I missed the 20th anniversary of the 1989 Loma Prieta earthquake by a couple days, but the recollections of various friends jarred me to finally dig up and transcribe the journals I was keeping at the time. I was reading lots of Vollmann and I suppose that was the initial reason I began keeping journals (really I have never been much of a diarist). When the quake hit, I was just leaving work at my temp job in a lawfirm in downtown San Francisco. I was in an elevator. As I got to the street, I took out my tablet and began writing down everything I saw and heard as I walked back to my flat at Haight and Masonic. I kept up the notes for a couple days, then never got back to arranging or polishing; and I have done very little polishing here.

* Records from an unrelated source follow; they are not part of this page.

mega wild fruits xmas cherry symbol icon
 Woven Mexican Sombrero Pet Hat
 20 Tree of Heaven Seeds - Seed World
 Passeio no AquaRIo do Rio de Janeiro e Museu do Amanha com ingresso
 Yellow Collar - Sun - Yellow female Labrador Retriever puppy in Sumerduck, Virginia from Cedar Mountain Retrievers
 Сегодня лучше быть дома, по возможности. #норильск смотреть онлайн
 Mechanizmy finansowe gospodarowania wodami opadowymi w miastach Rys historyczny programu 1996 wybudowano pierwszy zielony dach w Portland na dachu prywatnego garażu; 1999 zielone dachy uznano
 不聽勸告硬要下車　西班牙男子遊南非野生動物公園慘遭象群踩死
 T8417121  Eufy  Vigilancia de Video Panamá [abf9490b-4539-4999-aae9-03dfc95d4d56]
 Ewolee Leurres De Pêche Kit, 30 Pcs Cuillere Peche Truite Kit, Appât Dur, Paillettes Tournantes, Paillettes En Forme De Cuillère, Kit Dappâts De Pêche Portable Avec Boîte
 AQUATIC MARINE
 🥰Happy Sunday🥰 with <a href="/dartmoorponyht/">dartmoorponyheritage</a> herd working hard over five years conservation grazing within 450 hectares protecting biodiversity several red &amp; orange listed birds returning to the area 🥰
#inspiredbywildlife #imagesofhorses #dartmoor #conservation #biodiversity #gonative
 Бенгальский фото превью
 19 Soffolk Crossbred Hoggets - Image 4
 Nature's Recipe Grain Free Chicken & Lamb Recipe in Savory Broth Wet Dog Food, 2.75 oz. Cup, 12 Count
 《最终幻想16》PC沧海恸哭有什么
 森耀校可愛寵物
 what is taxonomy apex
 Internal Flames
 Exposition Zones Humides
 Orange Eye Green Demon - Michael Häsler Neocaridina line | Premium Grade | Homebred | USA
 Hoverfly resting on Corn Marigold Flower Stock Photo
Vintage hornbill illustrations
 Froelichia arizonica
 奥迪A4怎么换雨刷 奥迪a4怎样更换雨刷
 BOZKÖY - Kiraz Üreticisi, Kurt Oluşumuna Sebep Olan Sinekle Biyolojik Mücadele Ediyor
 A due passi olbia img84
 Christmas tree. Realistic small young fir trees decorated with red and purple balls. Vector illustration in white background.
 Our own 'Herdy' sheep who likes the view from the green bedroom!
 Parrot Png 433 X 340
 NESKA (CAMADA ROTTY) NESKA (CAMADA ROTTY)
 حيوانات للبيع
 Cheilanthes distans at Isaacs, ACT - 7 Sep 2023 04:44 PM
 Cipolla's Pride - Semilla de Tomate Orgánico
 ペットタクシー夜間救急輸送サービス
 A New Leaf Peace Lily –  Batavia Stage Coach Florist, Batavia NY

What has always seemed equally interesting to me are the notes of a trip Geraldine and I took north of S.F. on the weekend before the quake. We spent a night at Clear Lake, and drove the next day to Lake Pillsbury. The mood of that trip was incredibly strange–there was an inexplicably ominous atmosphere surrounding everything, and at some point, after being separately haunted by it, we began to discuss it openly, which brought some relief from feeling isolated, but didn’t dispel the mood. What is not really reflected in the journal is that this mood persisted after our return to the city, and through the next day, and only finally discharged itself in the moment of the quake. This highly subjective experience makes an interesting anecdote I suppose, but more interesting to me are the objective traces it left in my notes, made at a time when I of course had no idea the quake was imminent.
The journal commences:
Will-O-Point Resort. Indian Beach Resort. Bluefish Cove. Wig Wam Trailer Park. Kono Tayee. Clear Lake. Clear? I think of motor oil stirred to a froth by speedboats. Deer standing around like they owned the place!
Jim’s Cabins… “Meant to leave that chain up, but that’s ok. Put you right down here by the water? You want to be in the trees? Well, there’s a tree right up there—put you by the motor launch… Sure, come back anytime.”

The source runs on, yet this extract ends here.